Ashley had never felt such clarity. “I always had in the back of my mind the reservation that I can do it socially. One time won’t matter. When I think about it now, God had it planned out. All the times I went through rehab or wanted to stop… this was the time for Ashley to wake up and start living her life again instead of dying slowly.”
Nichols did in fact snort the ice. But somehow the circumstances that threw these two together seemed to have a purpose. Nichols untied Ashley. She kept talking about her life and her desire to see her daughter and be the mother she wanted to be. He started to relax. She smoked her cigarettes and read to Nichols from The Purpose-Driven Life, a book she had been reading by a pastor named Rick Warren. Nichols drank a beer and listened.
God deserves your best. He shaped you for a purpose and He expects you to make the most of what you have been given…
“When I stopped, he said read it again. Something connected there of maybe you really do have a purpose and maybe I do too.
“He asked me what I thought his purpose was. [I told him] to pay for what he had done and minister to people in prison."
Ashley was trying to make the point that Nichols could be forgiven for his sins, and that even though we all make mistakes, someday he would have to pay for it.
Nichols asked Ashley what he should do. “I wasn’t going to hold back. I told him, ‘I think you should turn yourself in.’
“He told me he had a demon in him. The whole spiritual warfare I could totally understand. I could definitely see he was being pulled two different ways.”
In the pre-dawn hours of their encounter, Nichols watched television reports of his escape. At one point he told Ashley he had killed a fourth person -- an off duty immigration officer. Nichols shot him in his truck. Ashley responded by finding her husband’s death certificate. She handed it to Nichols.
“’This is what this family is going to receive -- a death certificate. They are going to plan a funeral. This is their worst nightmare, and you caused it. Do you know? Do you know what you did?’ I just wanted him to feel what he had done.”

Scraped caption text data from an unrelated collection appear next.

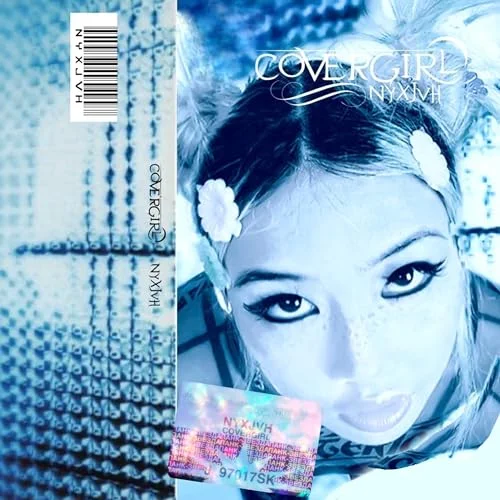 santi_music8590's tweet image. Nyxjvh - Cover Girl
#postpunk
youtube.com/watch?v=q7Jrw5…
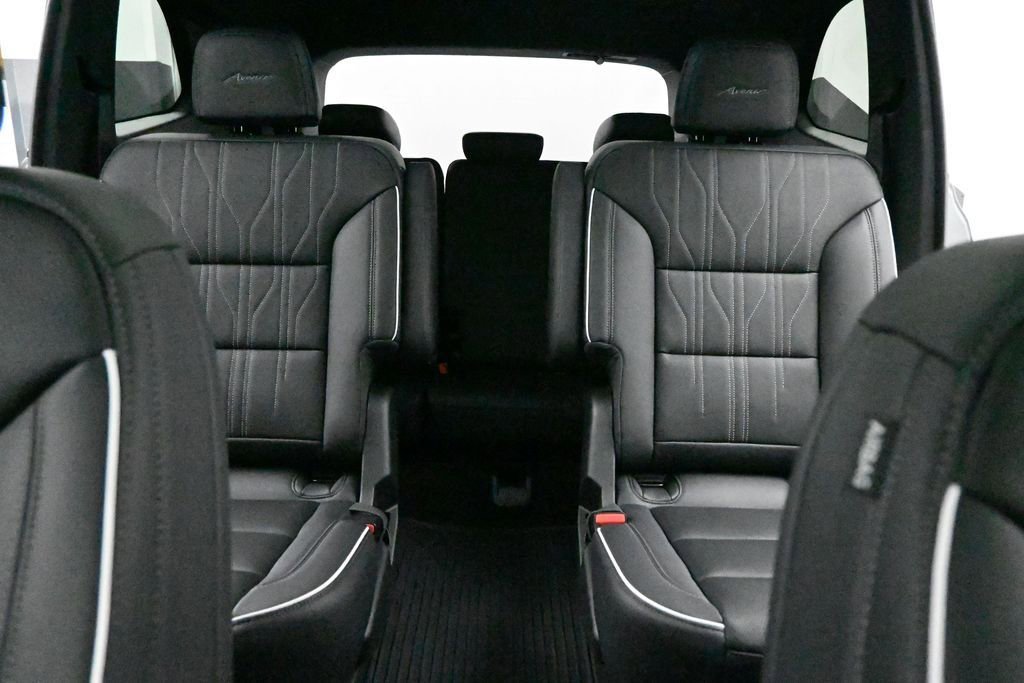 2026 Buick Enclave Avenir - Photo 19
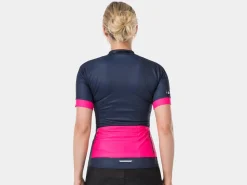 Women Trek Bikes Bontrager Anara LTD Women's Cycling Jersey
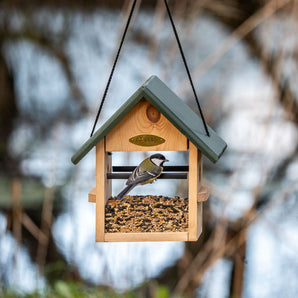 Breda Hanging Feeding House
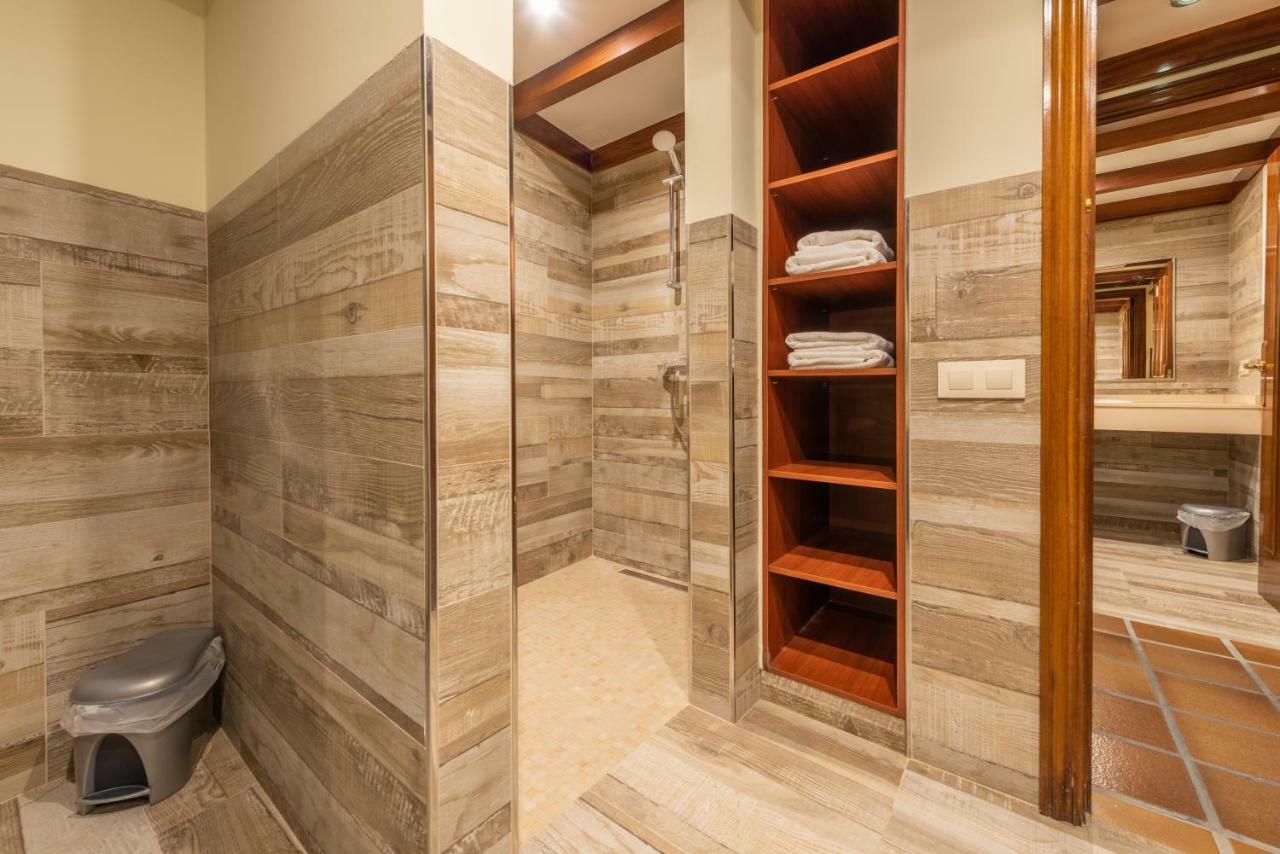 A Escalinata Apartamento-Loft O Grove Εξωτερικό φωτογραφία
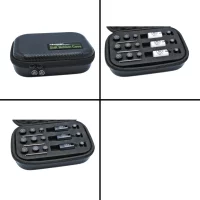 Poseidon Angelsport P4 Line SHR Bobbin Presentation Set 3...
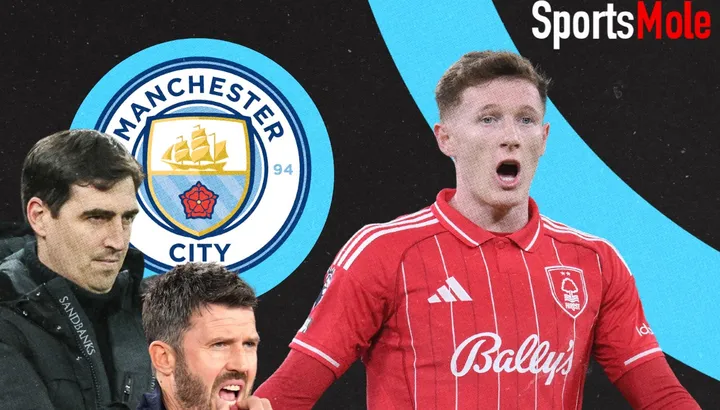 Why Elliot Anderson to Man City will ruin the transfer market for Liverpool, Man United and the rest of the Premier League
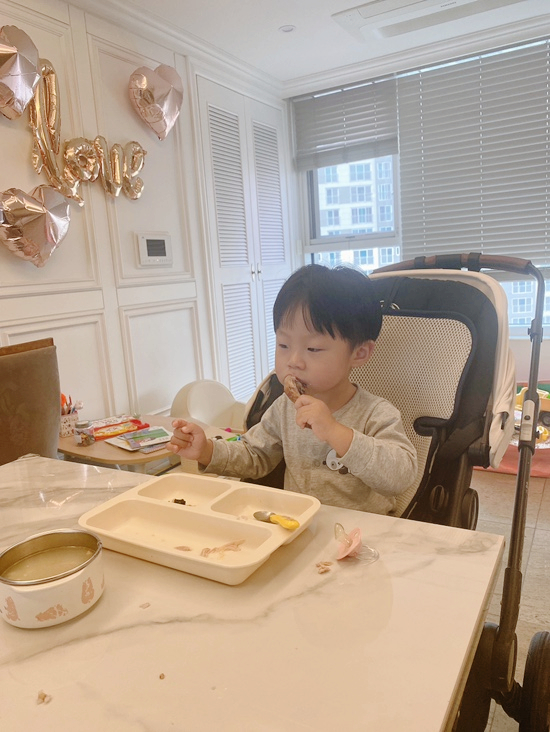 오원장의 육아일기 : 준수 파라인플루엔자증상 (2~5일 증상) 고열에 이은 기침 콧물 구토 😭😭 , 체온변화 관련 이미지 26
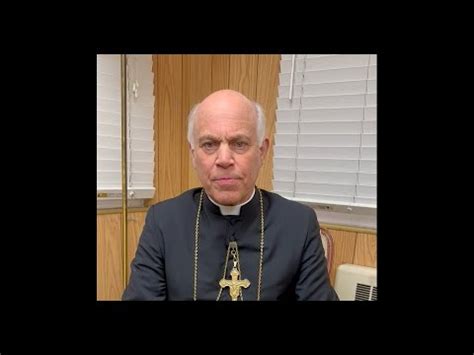 Statement By Archbishop Salvatore J Cordileone On The Shootings In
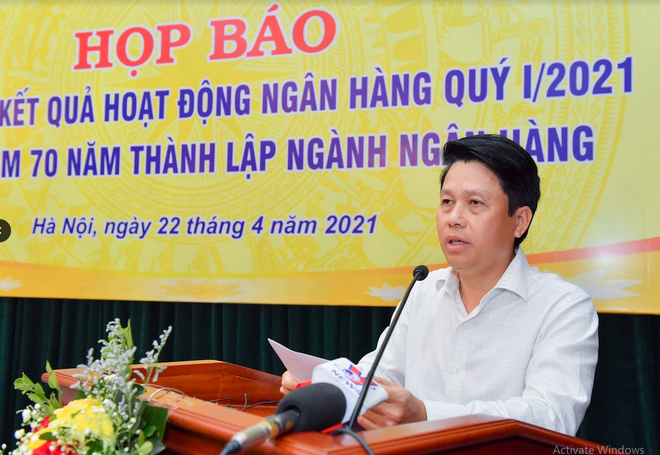 Thanh toán giao dịch qua kênh Internet tăng 55,9% về số lượng ảnh 1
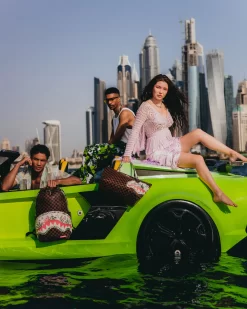 Sprayground Sharks In Paris Coastal DLXV Backpack -Fashion backpack-sprayground 7cc935 a306077a4aa641a59066b39a50dc8f6bmv2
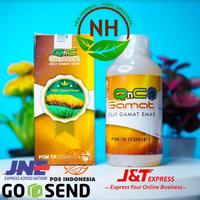 Gambar Obat Penyakit Gula Basah - Gula Kering - Qnc Jelly Gamat 100 Original dari halim ,, 98 undefined 2 Tokopedia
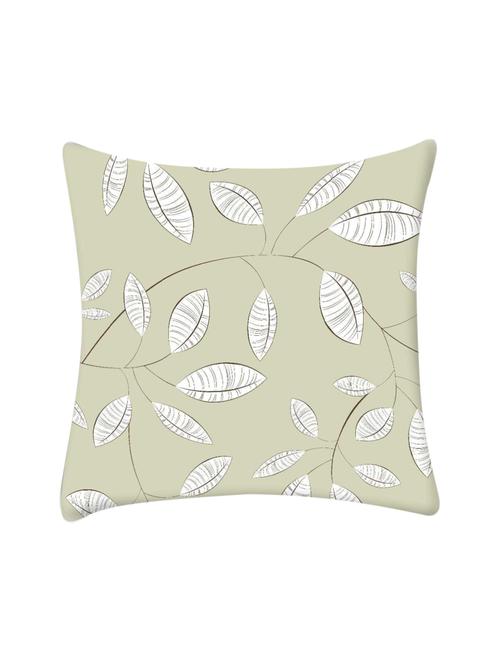 digitally printed single polyester cushion cover - 14697590 - Very Small Image - 1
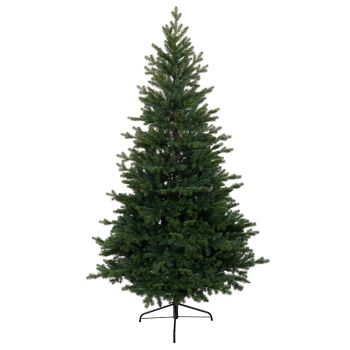 Allison Pine Christmas Tree 1.2m (4ft)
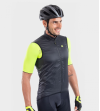GIUBBINO S/M GUSCIO VENTO 2.0 NERO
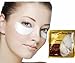 15 pairs Premium Crystal Collagen Eye Mask Anti Wrinkle/Anti Ageing New Advanced Formula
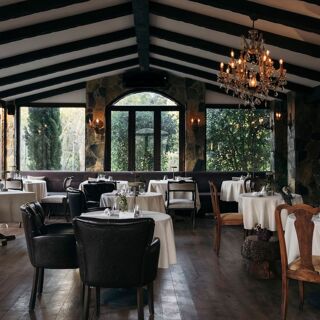 The BARN - Istanbul - 16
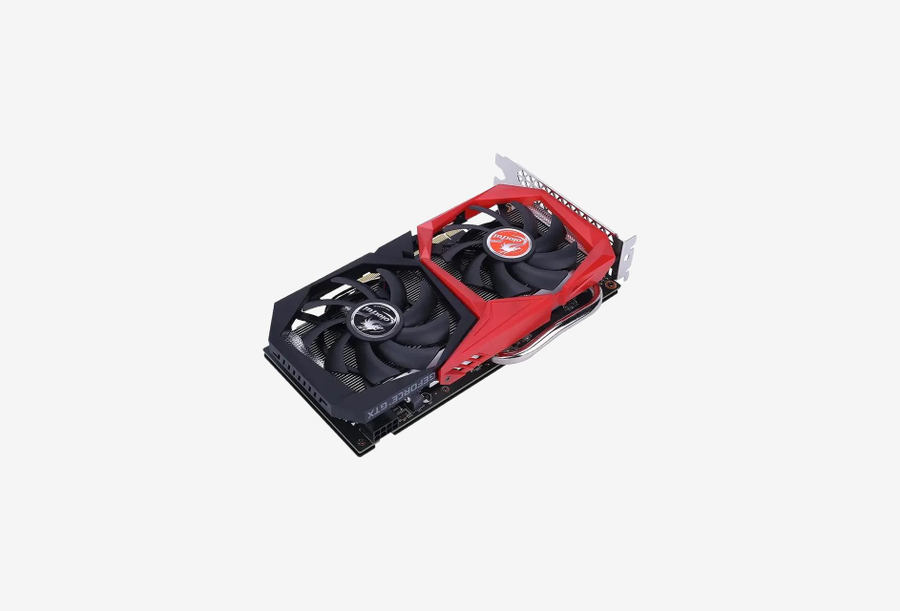 GTX 1650 EX 4GD6-V_0126606105228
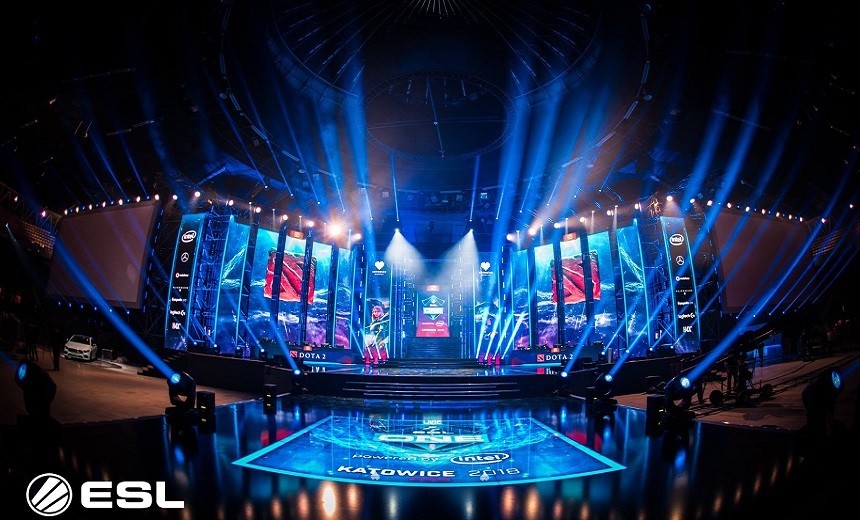 ESL One Katowice 2019 announced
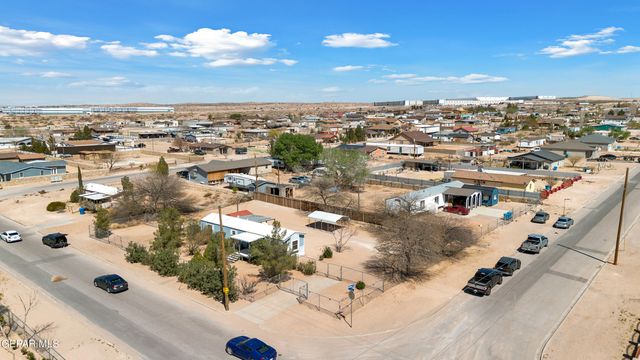 13181 FLAMBOROUGH, Clint, TX 79836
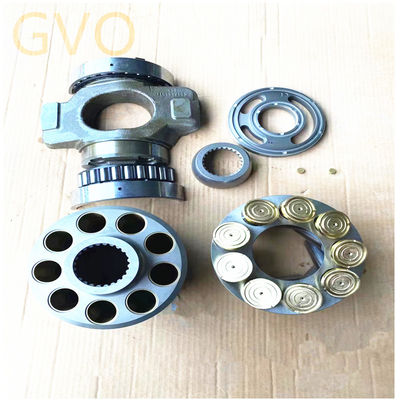 A11VO190 قطعات جایگزین هیدرولیک حفاری A11VO130 A11VO160 قطعات هیدرولیک رکسروث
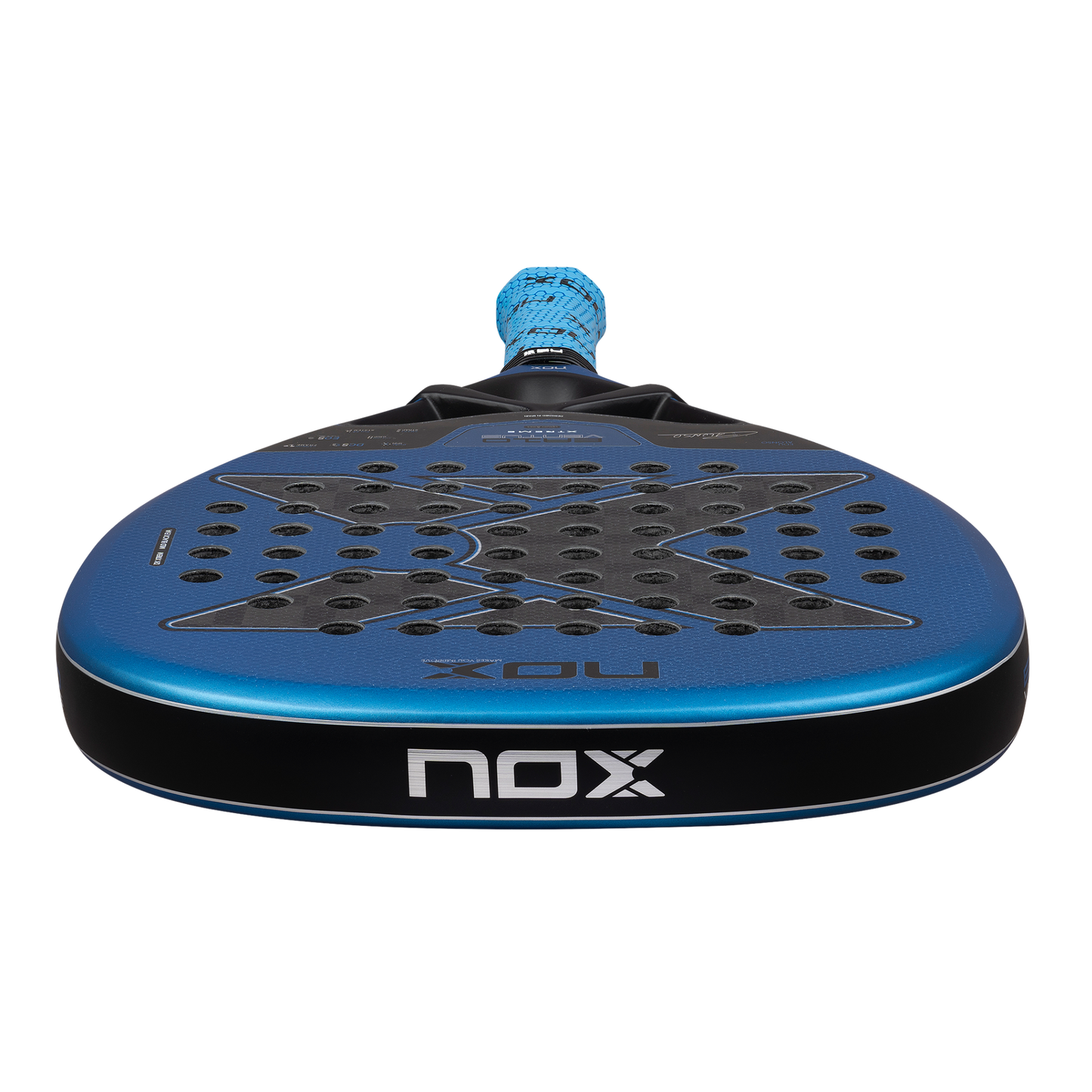 NOX EA10 VENTUS ATTACK 12K Xtrem 26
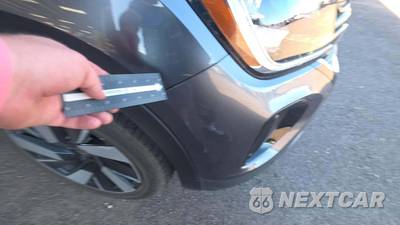 2025 Volkswagen Atlas Cross Sport 2.0T SE w/Technology - zdjęcie 29 z 29 - miniatura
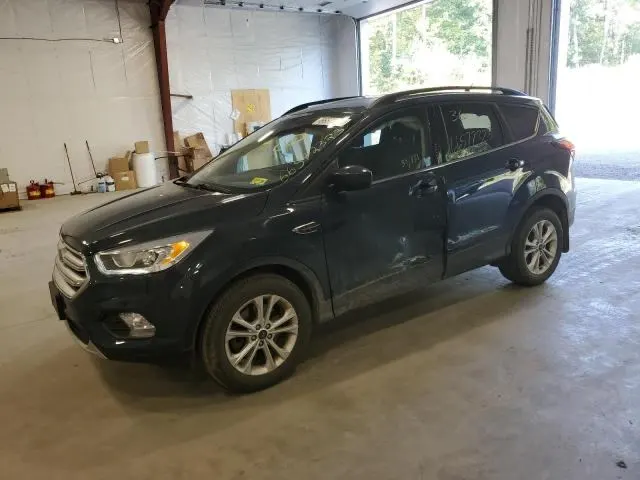 Ford ESCAPE SEL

Finally, at about 9 am Nichols let Ashley walk out of her apartment. She drove off in her car and called 911.
Ashley last saw Nichols as police took him into custody outside her apartment. He turned himself in as he promised. He was going back to face justice for the murder of four innocent people.
However, Ashley realized that her seven hours as his hostage were really the first hours of her new freedom. Not only did she give up drugs that morning, she decided to commit her life fully to Jesus Christ.
“My future is so much brighter now because I have a personal relationship with Jesus and that makes my world so much brighter (laughs).”
She continues to recover spiritually, emotionally and physically from years of drug addiction. At her insistence she is drug tested every week. Rebuilding trust with her loved ones is a major goal.
“Instead of taking drugs I take vitamins and I run five miles a day. I’m on a regular healthy routine now. I just take care of myself. I am more at peace with myself.”
She says Jesus even helped her quit smoking.
The greatest change in Ashley’s life is that her relationship with her daughter is what she always dreamed it could be. Together again, they live with her aunt and uncle.
“I do everything. I take care of her financially, physically, I do everything. I’ve never had a relationship like this with my daughter. It’s challenging because being the mother of a six-year-old is challenging (laughs) but is has been awesome.
“I have a chance to live my life for Him now. [It’s] what I should have been doing all along. I’m a better Mom now. I’m a better daughter. I’m a better niece. I’m a better friend.
“He’s a huge God. He does wonderful, wonderful miracles.”